Although the paper finds that most of the canisters would not be breached directly by the shock wave, a second paper by Woods and his collaborators at CNWRA, which has been submitted for publication in Eos, finds that after the initial shock wave has passed, most canisters would fail as a result of being heated — and weakened — by the lava flow.

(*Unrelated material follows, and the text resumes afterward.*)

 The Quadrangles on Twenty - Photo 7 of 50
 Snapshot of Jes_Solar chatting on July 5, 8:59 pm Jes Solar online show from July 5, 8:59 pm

The combined implication is that far more waste would be expelled into the atmosphere by an eruption than the DOE has allowed for. NRC scientists have not yet published an estimate of how many canisters of waste may be released in this way, but Brittain Hill, a volcanologist at CNWRA and co-author of the paper submitted to Eos, notes that there will be about 150 canisters in each parallel tunnel at the depository, and that a dyke would probably cut into about 10 tunnels. “The DOE models have a dose of 1 millirem from 10 waste canisters,” he says. So for this scenario, the potential fallout could clearly exceed the EPA's limit.

Grounds for appeal

A yucca plant in the Nevada Desert, from which the mountain and the project gets their names. Credit: D. MUENCH/CORBIS

Little headway was made when NRC and DOE volcanologists met in a Las Vegas hotel on 22 June to discuss the implications of the unpublished work. Greg Valentine, a geologist at the Los Alamos National Laboratory who works on the DOE project, says that the NRC's points “are credible, to the extent that we can't just dismiss it. It is something that needs to be looked at.” But Trapp and others argue that the DOE scientists have not fully taken the issues on board. “The meeting was a tremendous disappointment,” he says. Hill claims that the DOE is “giving short shrift to what they admit is the only source of risk”.

The DOE is having to get to grips with the issue just as Bush prepares his decision on whether the repository should proceed. Senior Republican politicians support the project, and Bush is widely expected to approve it. The Nevada state government then has the right to veto the plan, which it is certain to exercise. But if such a veto is issued, the final say on whether the project can proceed will rest with the US Congress.

Both houses would need to vote for the project by a simple majority, and recent voting history suggests that they are prepared to do so. But since the Democrats wrested back control of the Senate in May, Senator Harry Reid (Nevada, Democrat) has threatened to use his new position as Senate Majority Whip to try to block the project.

In such circumstances, project advocates can ill afford the arrival of a credible scientific challenge to their assumptions about the site's safety. And with just such a challenge looming, some observers are surprised that the DOE has not done more to revisit its models of volcanic activity. As the National Academy of Science's Crowley puts it: “When your regulator says you've got a problem — you've got a problem.”